The fishing wasn't red hot by any means, but it wasn't too bad considering my usual experiences of waiting most of the day for 1 decent fish. Not long after I started fishing, I had action on the minnow rod.

I knew it wasn't too big, so I hoped it was a rainbow.

It was, but it left me wanting more, fight-wise. It hardly thrashed as I merely guided it into my net and onto the snow. Taking a pic was pretty easy since it was so nonchalant.










They must've planted that one when it was bigger than most of the ones they plant. The fins were hardly there. No wonder it didn't fight hard.

I tried several rigs on the fresh line of my other rod. Practically everything I threw snapped off and flew out into the water, far away. :evil: I was debating whether or not to buy a luckycraft for this trip, but I'm glad I decided not to.

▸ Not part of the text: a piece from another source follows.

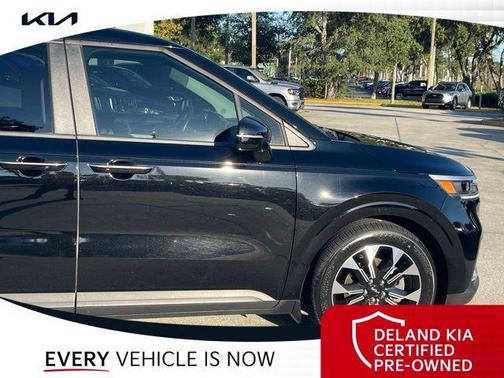 2023 Kia Carnival EX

First cast with my rapala and it was gone. *BRAND NEW LINE!!!* :x

Tell you what, folks: Stay away from "Vanish" fluorocarbon. I had 10lb test and I was breaking off while casting a simple weightless worm rig. Apparently NOT a good cold weather line. I've never had a worse experience with line and I'll never buy that brand again.









Once I got a worm to stay on that line for a whole cast, I got a taker right away:










Now that's what a rainbow is supposed to look like! It was fat, healthy, good color, nice fins...just what I wanted.

Okay, now for that big cutt I've been after...

I ended up catching 3 cutthroats, all in the slot. 2 at 20, and the fattest one was 18 inches.

Here's one of the 20 inchers:










I had one fish messing with my minnow on the crappy line rod, but patience had escaped me and I pulled the hook out when trying to set. Who knows what that would've been?

It was a pretty good day and I had the whole place to myself until about 1:30 when a guy with a pontoon showed up. He made me wish I had a 4WD vehicle...I had to park on HWY 40 and walk in because the snow was too deep for my little car to handle. Nice little jaunt.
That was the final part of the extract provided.